Tony Arnold – Why you need to be more conscious of your image in the office

Tony Arnold, Founder and Principal, Upfront Management

Your own approach to the work that your company does transcends all aspects of your business. It sets the tone for pace, execution, employee engagement and results. By its example, top management must establish the culture of work on which excellence, and thus company success, depend.
But as I consult with companies — small, medium or large — I’m continually amazed at how work is getting done. What’s lacking in these businesses is a culture that clearly defines excellence and that values diligence, timeliness, efficiency and, as you’ll read in the case study presented here, honesty.
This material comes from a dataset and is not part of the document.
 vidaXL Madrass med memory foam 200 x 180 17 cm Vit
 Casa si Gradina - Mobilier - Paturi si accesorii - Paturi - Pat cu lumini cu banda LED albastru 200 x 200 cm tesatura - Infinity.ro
Absent these shared values, the answers to problems become those that a select group wants and not fact-driven solutions. Projects take on a life of their own, dragging on for inordinate periods and overrunning budget because goals, scope and deliverables aren’t defined. Time and resources are wasted on misguided efforts and activities that don’t support the company direction or mission. Employees then become frustrated by a process that makes it impossible for them to contribute their skills, talents and energies to a successful outcome.
How can a CEO turn this destructive culture around? An important first step is to understand the difference between challenging and communicating – a critical distinction that impacts how work gets done.
When you challenge a team, you risk directing the outcome to a narrow set of predefined options or to an impossible goal. For example, hitting a sales target that isn’t supported by market conditions. Communicating, by contrast, calls for setting the overall tone and parameters and creating an environment in which broad, even unforeseen options, can be critically explored and high achievements can blossom. This was one invaluable lesson that a CEO who called on me for advice learned.
When the CEO engaged me, his company’s sales targets and new product launches were consistently falling short of expectations. He wanted to know, “Why isn’t the sales team working effectively to launch new products, maintain current accounts and expand our customer base?”
In each of the three previous years, the company’s management had assembled members of the sales and marketing teams to explore how to achieve sales growth and position new products. In these meetings, the sales team had described the competitive challenges it faced in the marketplace, including effectively demonstrating the value of the company’s products to customers. Sales also had consistently reported that the margins distributors were capturing were not competitive.
But marketing, just as consistently, had responded that its research indicated high end-user satisfaction and high repurchase marks even at higher prices, and so, marketing had continued to raise prices. Management and marketing together had concluded that the sales team’s inability to position the products was the reason for declining sales.
As it turned out, the CEO’s challenge to grow sales had spawned a dynamic that had produced just the opposite. Determined to rise to the CEO’s challenge, the management and marketing teams had ignored the views of the sales team as they focused determinedly on raising prices and setting high expectations for sales. Unable to gain support at the distribution level, the sales team continued to fall short of goals as sales experienced even sharper declines.
Although he’d heard the arguments of both sales and marketing, the CEO believed he should continue to challenge his teams, assuming that they would present the best solution. As it turned out, however, marketing had not just discounted the views of the sales team but had also skewed its research rather than confront the CEO by questioning his challenge. So the CEO learned the importance of communicating rather than challenging. But he did so at a dear price for his company’s sales figures, his trust in the marketing team and his sales and marketing teams’ ability to work collaboratively and effectively.
Does your company lack a culture of work? If it does, what price are you paying?